Less than a half of athletes return to their sport after their first year following an ACL repair, and about 1 in 5 athletes will require a second surgery. As a health care provider, one of the biggest things to consider in your athlete is their neuromuscular control during dynamic movements. Any deficits in this system will result in increasing the chances of re-injury if no attention is paid to during rehabilitation.

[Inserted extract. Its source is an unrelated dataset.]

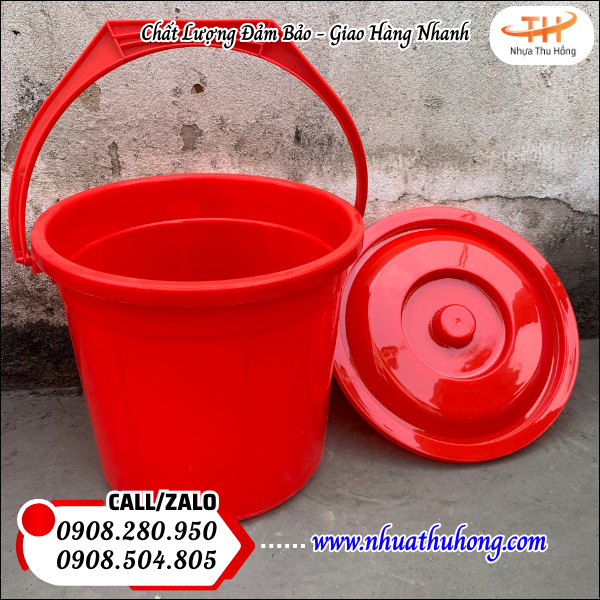 Xô nhựa 10 lít giá rẻ nhựa dẻo an toàn giao sỉ toàn quốc 3 xô nhựa có quai xách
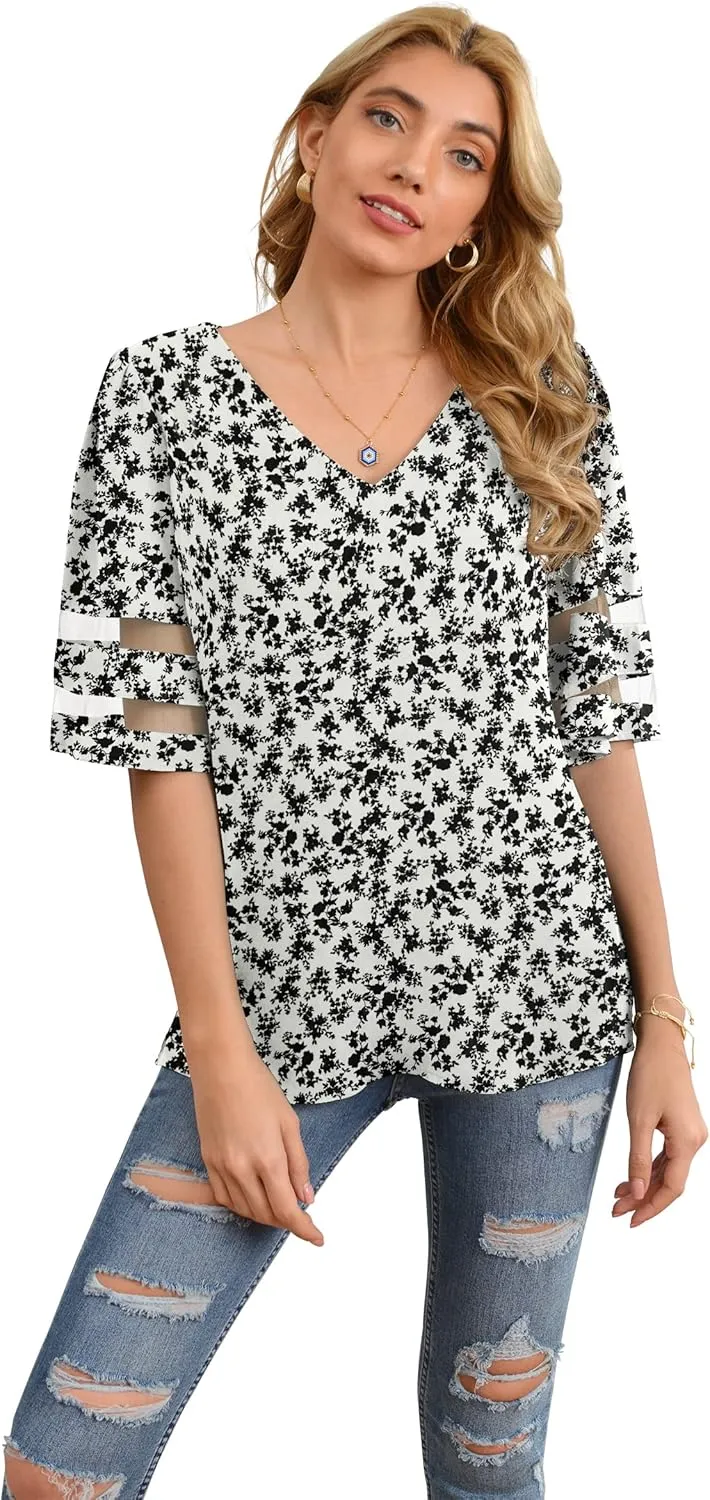 Jouica Women's V Neck Chiffon Blouse Mesh Panel Blouse 3/4 Bell Sleeve Loose Top Shirt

After an ACL repair it is common to have muscle weakness, impaired movement, abnormal neuromuscular control and difficulty returning to your sport. These can lead to asymmetrical imbalances between both knees and hips and abnormal pelvic control. Some things to watch out for that affect neuromuscular control are: muscle weakness (or inhibition as I rather call it), joint effusion, abnormal ROM and impaired function, which can last up to several months following ACL repair. It is important to communicate that this process is going to take a little longer than normal to heal the ACL and get it back to functional working capacity for their sport.

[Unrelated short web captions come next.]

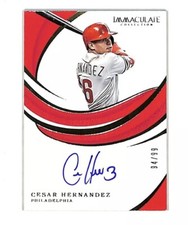 2919 Panini Immaculate Cesar Hernandez 94/99 auto autograph card Phillies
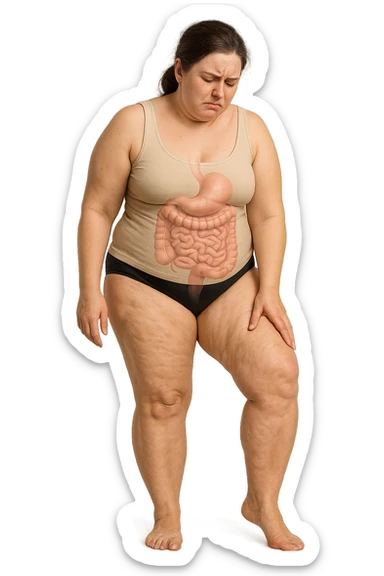 DONNA REALISTICA A FIGURA INTERA CON CELLULITE E GAMBE PESANTI E DOLORANTI, INTESTINO ANATOMICO IN EVIDENZA, CELLULITE VISIBILE, SI TOCCA LA GAMBA CON ESPRESSIONE DI FASTIDIO IN VOLTO, IPERREALISTICA 4K sticker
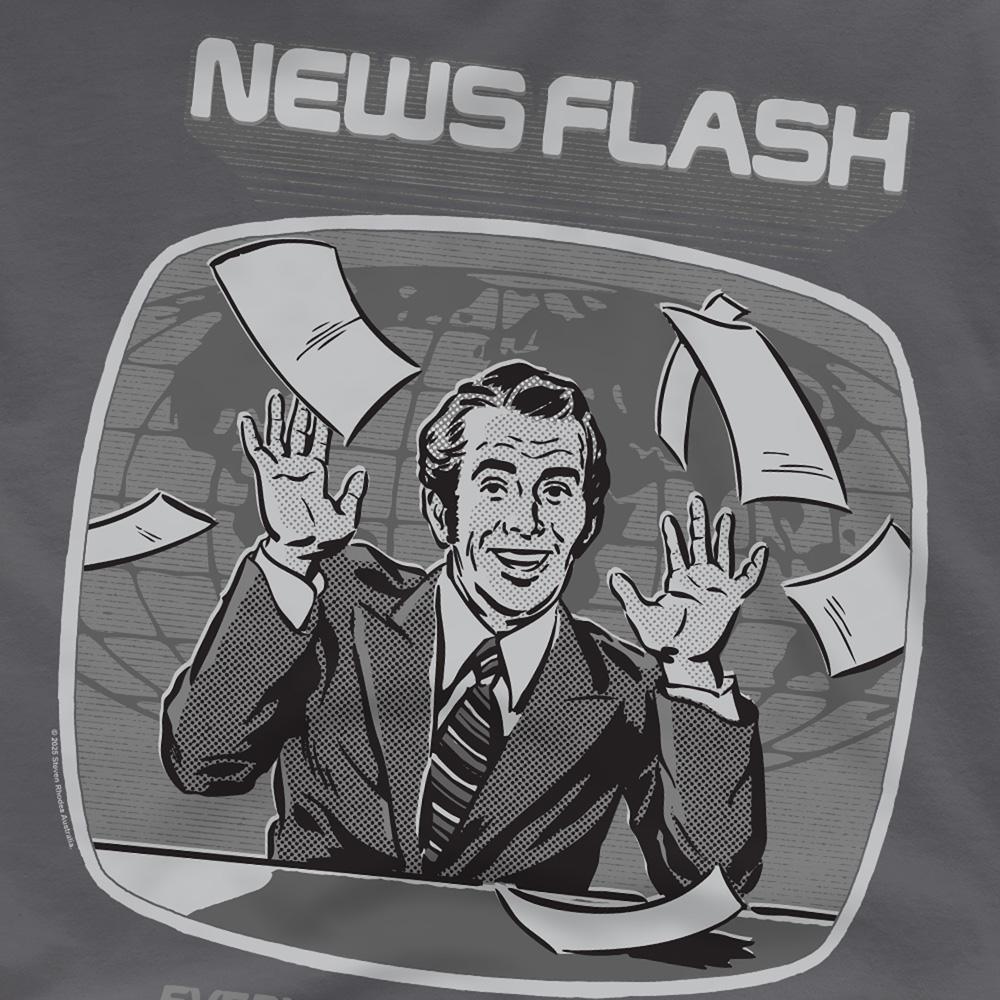 Black - Pack Shot - Steven Rhodes Unisex Adult Newsflash T-Shirt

When assessing neuromuscular control with your ACL repair patients, health care providers should be sensitive at picking up any: increases in external knee abduction, excessive out-of-plane knee loads, any frontal displacement of the trunk, decreased core proprioception, lower extremity biomechanical differences and flexor activation, between sides. Some test I like to use with my ACL patients to help assess for any asymmetries would be the Non-Weighted Front Squat, Prone Isolated Gluteal extension, Single Limb Hop Test, Tuck Jump, Drop Vertical Jump test and assessment of Deep Breathing Techniques. It is important to look for asymmetrical movement patterns during these tests, and even be sure to look at the opposite side (knee and hip)! In fact, I would argue that many health care providers don’t spend time assessing the opposite side (probably because we are driving toward a pain focused program of care and because we only spend about 15-20 minutes with a patient). Research has suggested that compensatory strategies of the uninvolved hip (transverse plane) are a primary predictor of risk factor for developing a secondary ACL injury. Other researchers argue to look at frontal knee plane and sagittal knee plan motions and postural stability as other risk factors to secondary injury. So, lets be smart health care providers when taking on a patient with ACL injury and preparing them to return to sport. I forgot to mention, we should also be looking for strength ratio symmetry between the quads and hamstrings (tests like the single hop test will help with this).

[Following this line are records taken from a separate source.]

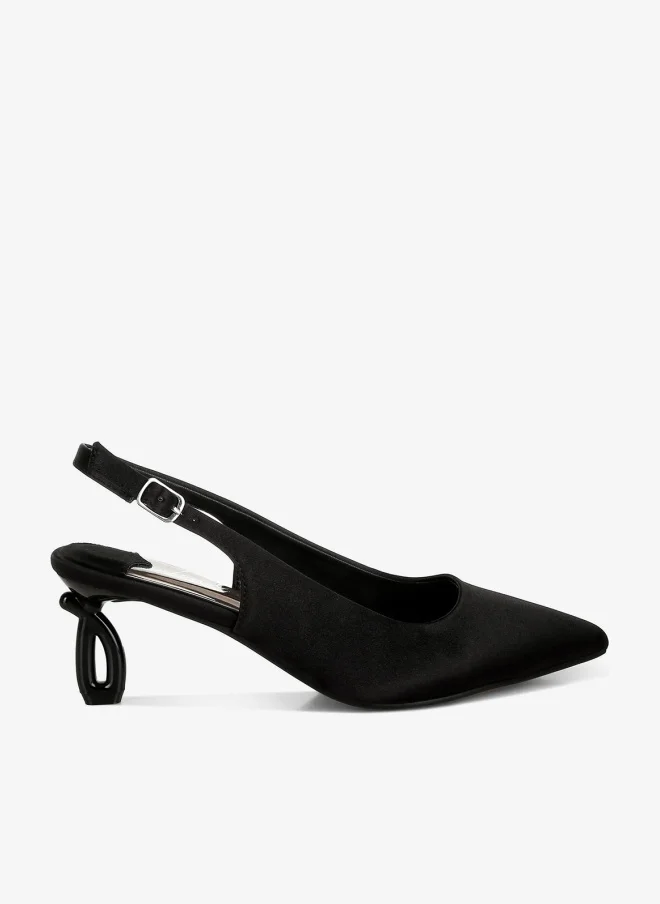 Satin Pointed Toe Slingbacks in Black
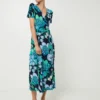 Betty Barclay Robe Longue Inspiration Cache Cœur En Jersey Extensible À Imprimé Fleuri - Bleu Marine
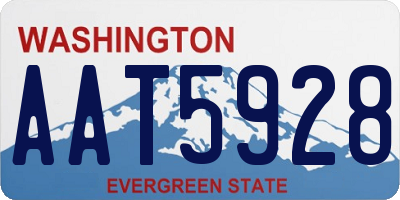 WA license plate AAT5928
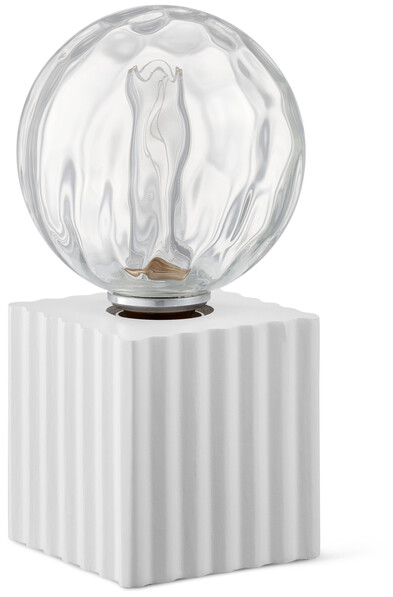 Box - Bordslampfot, B10 H10 cm - Vit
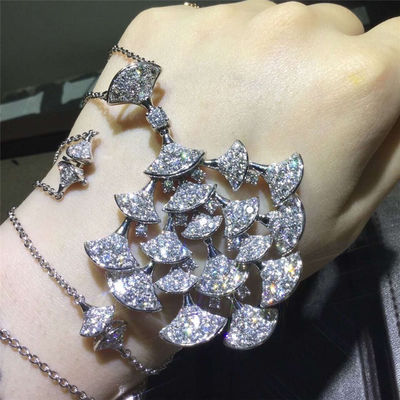 Quality Fan Shape Women'S Luxury Jewelry Diva'S Dream Luxury Diamond 18k White Gold factory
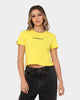 Crooks & Castles Women's Chain Leopard Crop T-Shirt Yellow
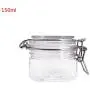 TANK-CN 150ML Plastic Square Clip Top Storage Jar with Airtight Seal Lid Kitchen Food Container Tableware Preserving Cosmetic Cream Organizer TANK-CN 150ML Plastic Square Clip Top Storage Jar with Airtight Seal Lid Kitchen Food Container Tableware Preserving Cosmetic Cream Organizer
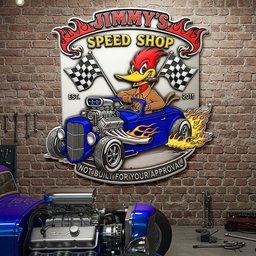 Santa’s Speed Shop Metal Sign – Personalized Christmas Gifts For Car Lovers - Photo 1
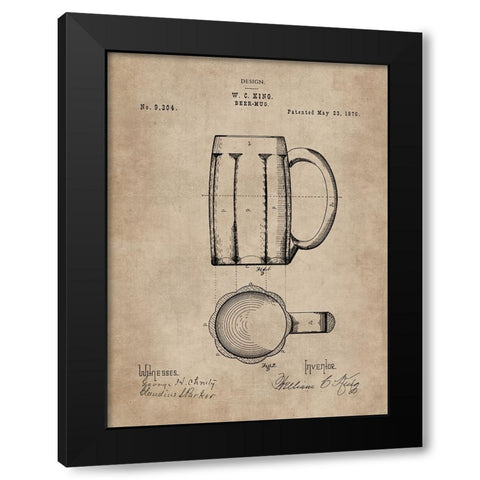 Patent Document of a Beer Mug Black Modern Wood Framed Art Print by CAG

Ultimately it is the discretion of the health care provider to progress the athletes into the proper stages of rehabilitation while assessing neuromuscular deficits. There should always be good communication with the athlete and proper clinical judgment used when creating a proper progressive plan of management. I mean you shouldn’t get your ACL repair patient to do single leg hop after 1 week of surgery, duh! The main thing is to focus on restoration of symmetrical function and use those aforementioned tests to help determine the progress of any neuromuscular deficits as this is a big factor (I argue for it) in re-injury.
Now go out there and rehab properly, soccer season is approaching, wait isn’t it always soccer season?